**PROBLEM DETAILS:**
Produce an exact transcription of the data, with the images left out.

**INPUT:**

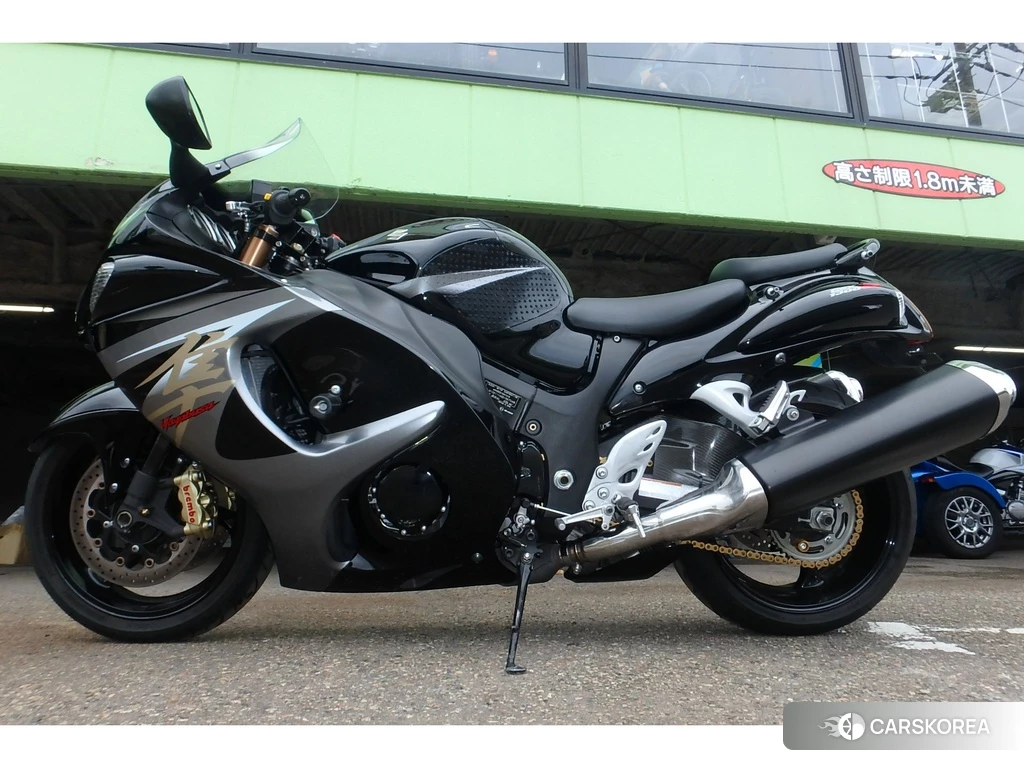 Проданный Suzuki GSX1300R HAYABUSA 2014 из Японии
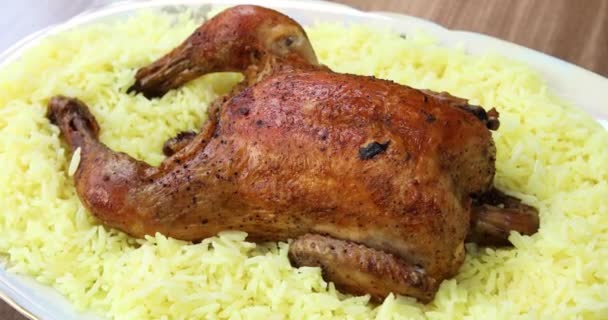 Tasty Pilaf Dengan Ayam Goreng Daging Kalkun Menutup — Stok Video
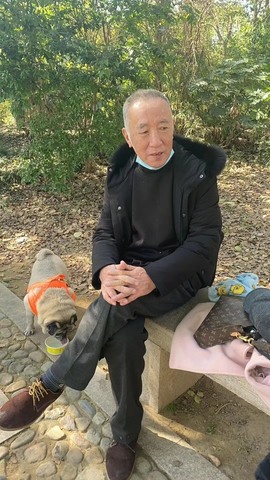 安静唱歌的䒕麻花我白主播照片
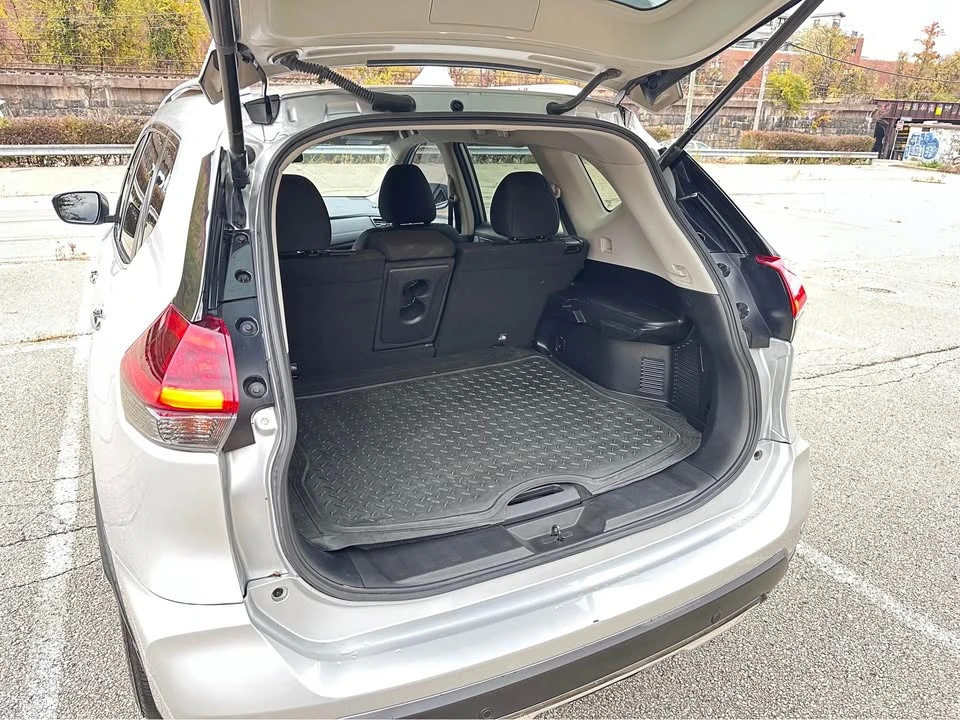 2020 Nissan Rogue - Image 15 of 19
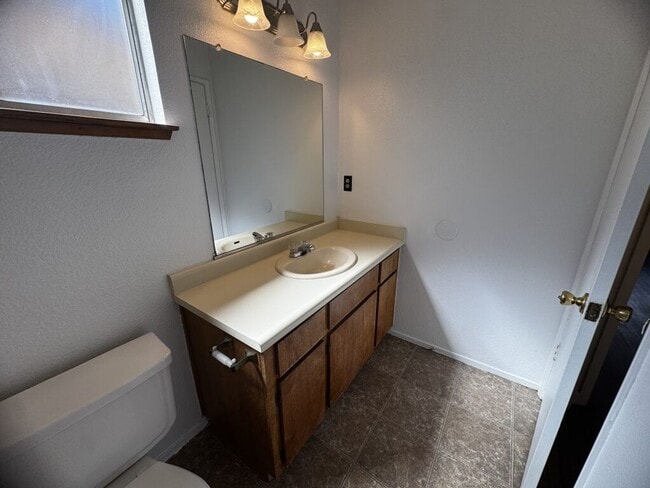 Building Photo - Charming 2 Bedroom, 1 Bath Home for Rent!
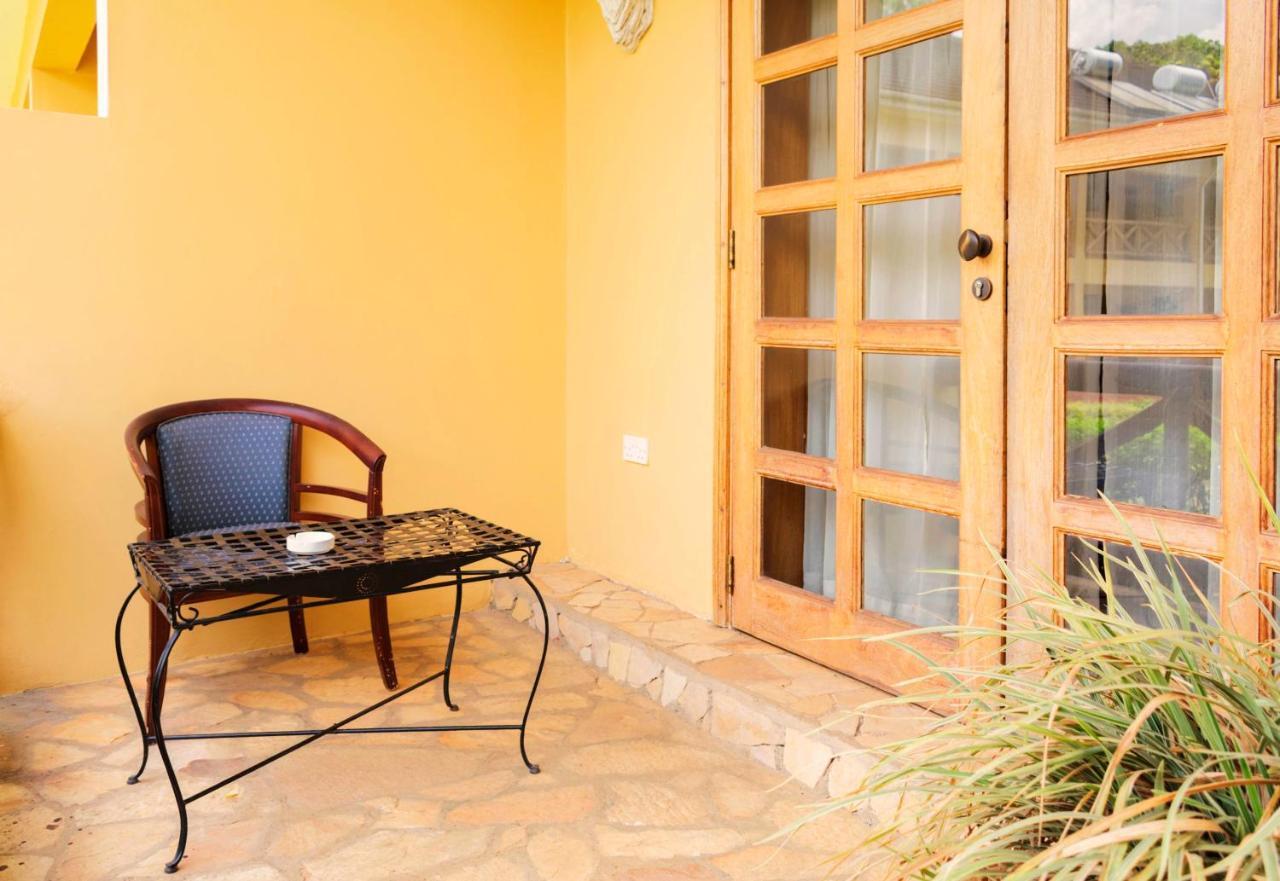 Mountains Of The Moon Hotel Fort Portal ภายนอก รูปภาพ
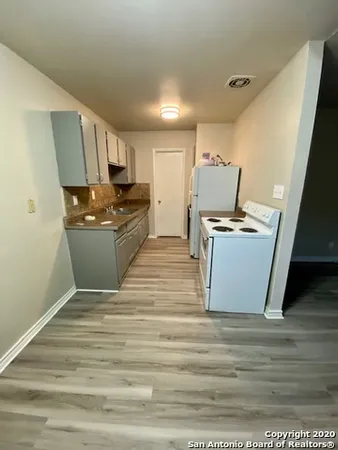 $795 | 7135 Glen Terrace, Unit 2, San Antonio, TX 78239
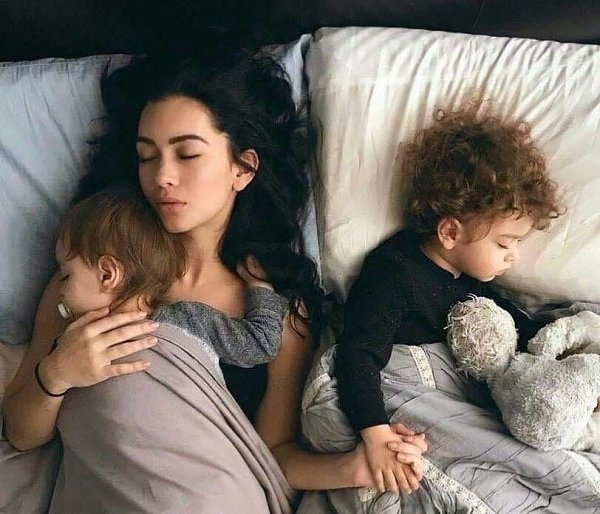 За каждым маленьким ребенком, который верит в себя, стоит взрослый,. который поверил первым. Мэттью ...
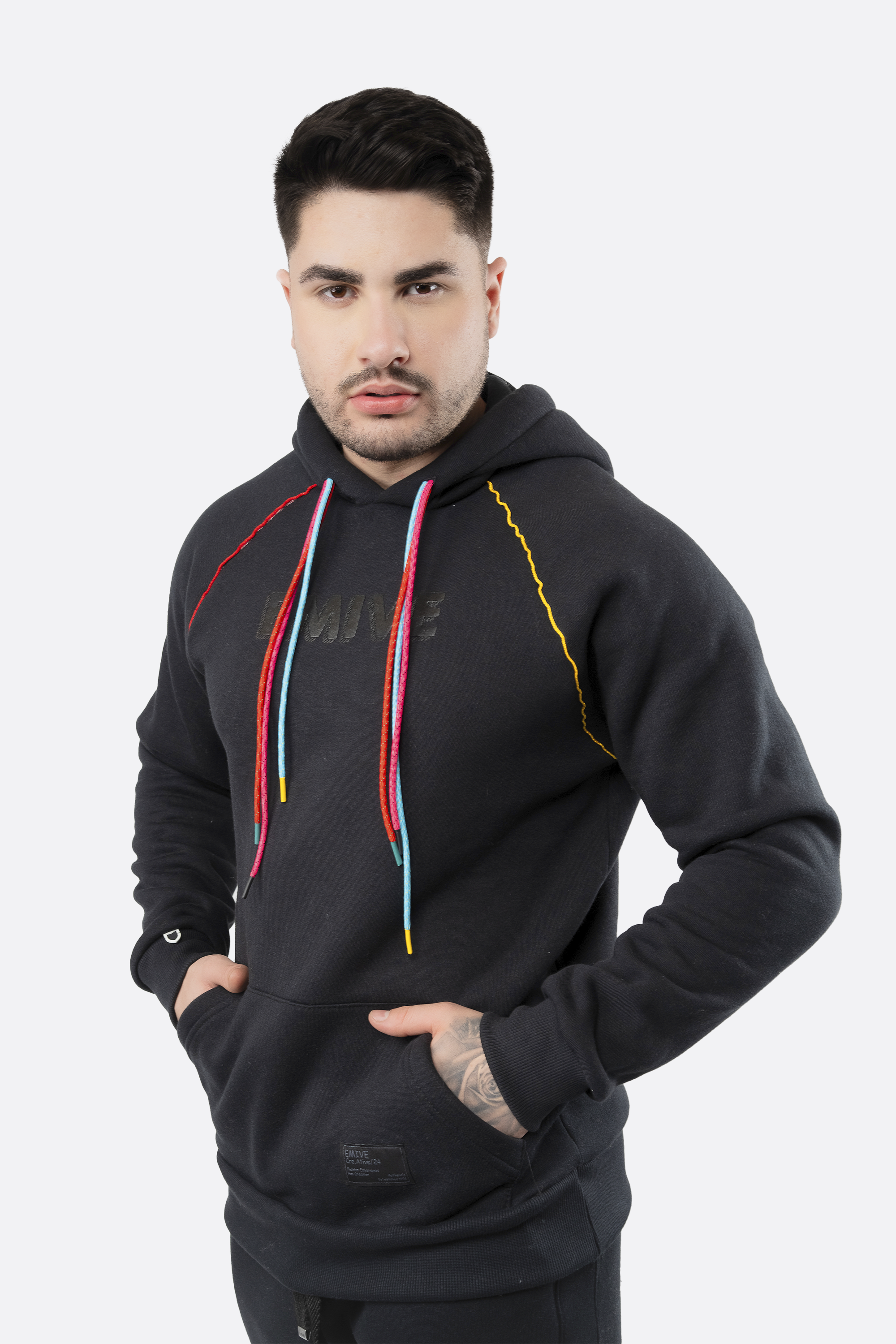 Moletom Canguru Emive Raglan Preto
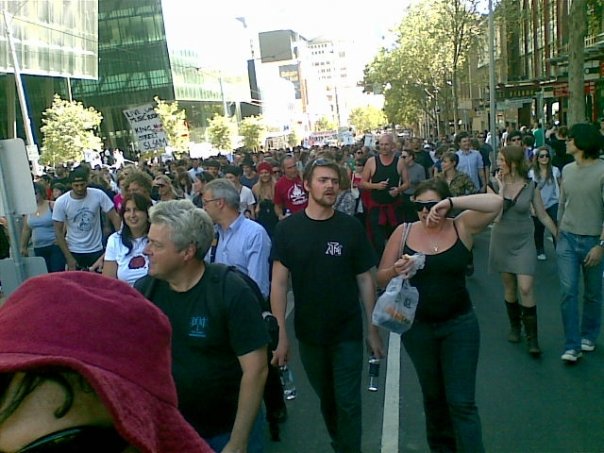 photo - crowd - slam rally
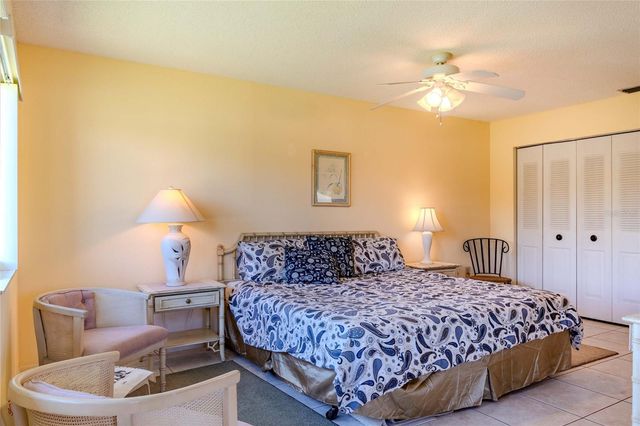 5191 LAKE VILLAGE DRIVE 2, Sarasota, FL 34235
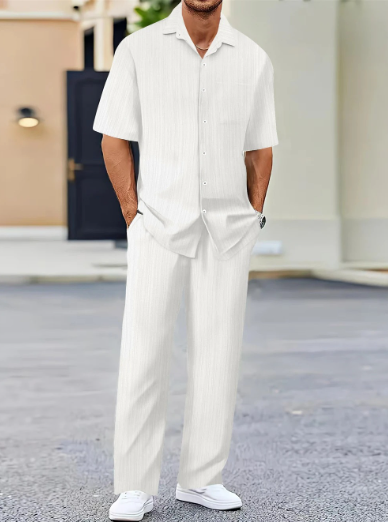 Get the perfect athleisure look with the Urban Ease - Matching Set, ideal for everyday wear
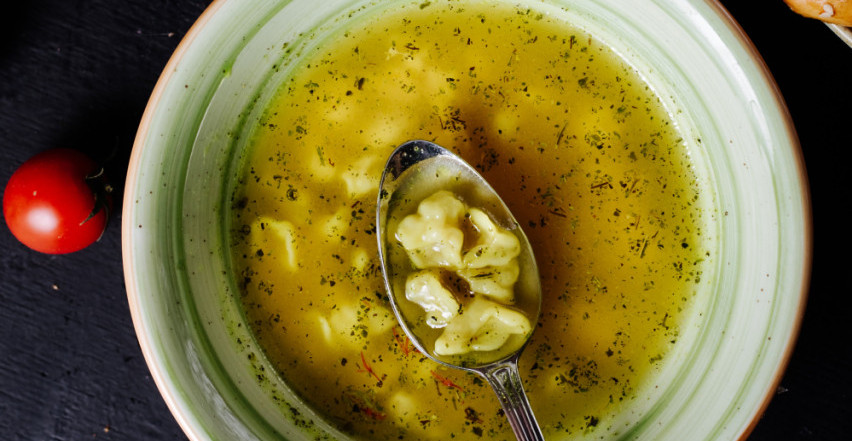 „PENICILIN SUPA“ KOJA LEČI I PREHLADU I MAMURLUK Italijanski recept koji, kažu, "diže iz mrtvih"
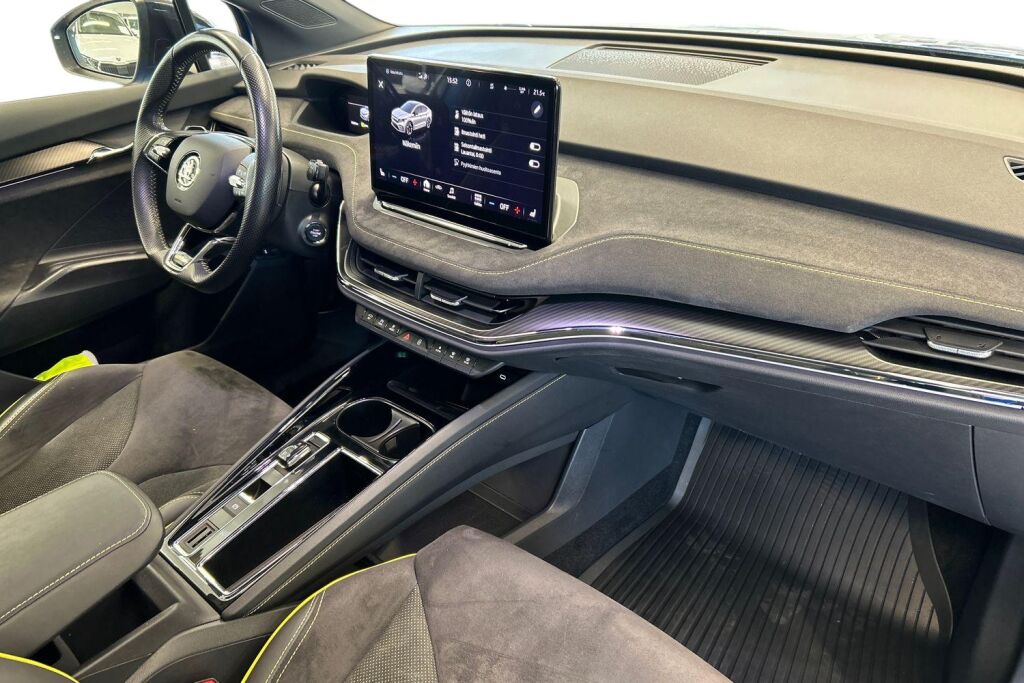 Skoda Enyaq 2023 Coupe 80x 4x4 RS iV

**RESULT OF THIS EXERCISE:**
 Проданный Suzuki GSX1300R HAYABUSA 2014 из Японии
 Tasty Pilaf Dengan Ayam Goreng Daging Kalkun Menutup — Stok Video
 安静唱歌的䒕麻花我白主播照片
 2020 Nissan Rogue - Image 15 of 19
 Building Photo - Charming 2 Bedroom, 1 Bath Home for Rent!
 Mountains Of The Moon Hotel Fort Portal ภายนอก รูปภาพ
 $795 | 7135 Glen Terrace, Unit 2, San Antonio, TX 78239
 За каждым маленьким ребенком, который верит в себя, стоит взрослый,. который поверил первым. Мэттью ...
 Moletom Canguru Emive Raglan Preto
 photo - crowd - slam rally
 5191 LAKE VILLAGE DRIVE 2, Sarasota, FL 34235
 Get the perfect athleisure look with the Urban Ease - Matching Set, ideal for everyday wear
 „PENICILIN SUPA“ KOJA LEČI I PREHLADU I MAMURLUK Italijanski recept koji, kažu, "diže iz mrtvih"
 Skoda Enyaq 2023 Coupe 80x 4x4 RS iV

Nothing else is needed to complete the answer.